╭─ Source information

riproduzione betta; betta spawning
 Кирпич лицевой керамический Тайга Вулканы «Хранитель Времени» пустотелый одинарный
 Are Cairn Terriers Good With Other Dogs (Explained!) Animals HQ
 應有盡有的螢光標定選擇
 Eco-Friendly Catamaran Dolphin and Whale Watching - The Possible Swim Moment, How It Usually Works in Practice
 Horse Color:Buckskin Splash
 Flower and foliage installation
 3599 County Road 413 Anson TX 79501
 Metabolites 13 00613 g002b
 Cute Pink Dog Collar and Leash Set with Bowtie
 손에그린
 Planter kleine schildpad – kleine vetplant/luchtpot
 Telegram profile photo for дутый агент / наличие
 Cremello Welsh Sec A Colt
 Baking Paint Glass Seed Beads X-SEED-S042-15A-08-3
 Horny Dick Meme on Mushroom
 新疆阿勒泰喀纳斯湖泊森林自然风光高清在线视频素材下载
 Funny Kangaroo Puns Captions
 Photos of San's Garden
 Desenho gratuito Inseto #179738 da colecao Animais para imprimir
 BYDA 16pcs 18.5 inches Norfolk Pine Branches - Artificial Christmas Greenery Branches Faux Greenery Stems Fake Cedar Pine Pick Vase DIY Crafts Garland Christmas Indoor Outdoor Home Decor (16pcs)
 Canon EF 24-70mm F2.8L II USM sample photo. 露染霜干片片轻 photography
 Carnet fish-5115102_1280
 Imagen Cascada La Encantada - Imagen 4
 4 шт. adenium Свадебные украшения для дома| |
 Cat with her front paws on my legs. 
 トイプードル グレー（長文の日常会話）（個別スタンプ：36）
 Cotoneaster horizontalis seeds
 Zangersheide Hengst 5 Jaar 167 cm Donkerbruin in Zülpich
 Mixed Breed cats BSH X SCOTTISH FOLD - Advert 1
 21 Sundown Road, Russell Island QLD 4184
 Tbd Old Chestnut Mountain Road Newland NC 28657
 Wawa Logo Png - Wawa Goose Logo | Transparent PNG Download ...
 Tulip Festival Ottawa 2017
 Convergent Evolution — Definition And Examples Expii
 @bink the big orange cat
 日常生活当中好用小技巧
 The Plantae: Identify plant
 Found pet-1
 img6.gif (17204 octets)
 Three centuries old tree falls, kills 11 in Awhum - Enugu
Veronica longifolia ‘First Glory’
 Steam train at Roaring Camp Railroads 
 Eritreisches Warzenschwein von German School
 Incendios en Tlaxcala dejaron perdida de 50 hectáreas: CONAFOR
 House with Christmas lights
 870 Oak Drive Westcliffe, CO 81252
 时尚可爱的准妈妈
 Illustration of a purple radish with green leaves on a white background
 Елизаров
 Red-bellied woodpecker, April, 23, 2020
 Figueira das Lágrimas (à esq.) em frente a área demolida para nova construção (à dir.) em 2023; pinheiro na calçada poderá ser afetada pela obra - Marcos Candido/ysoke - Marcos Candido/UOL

╰─

**What to do:** In the data above, find the line that contains "トイプードル グレー（長文の日常会話）（個別スタンプ：36）" and the line that contains "Tbd Old Chestnut". Repeat exactly those lines and every line between them, and only those.

**Task result:**
 トイプードル グレー（長文の日常会話）（個別スタンプ：36）
 Cotoneaster horizontalis seeds
 Zangersheide Hengst 5 Jaar 167 cm Donkerbruin in Zülpich
 Mixed Breed cats BSH X SCOTTISH FOLD - Advert 1
 21 Sundown Road, Russell Island QLD 4184
 Tbd Old Chestnut Mountain Road Newland NC 28657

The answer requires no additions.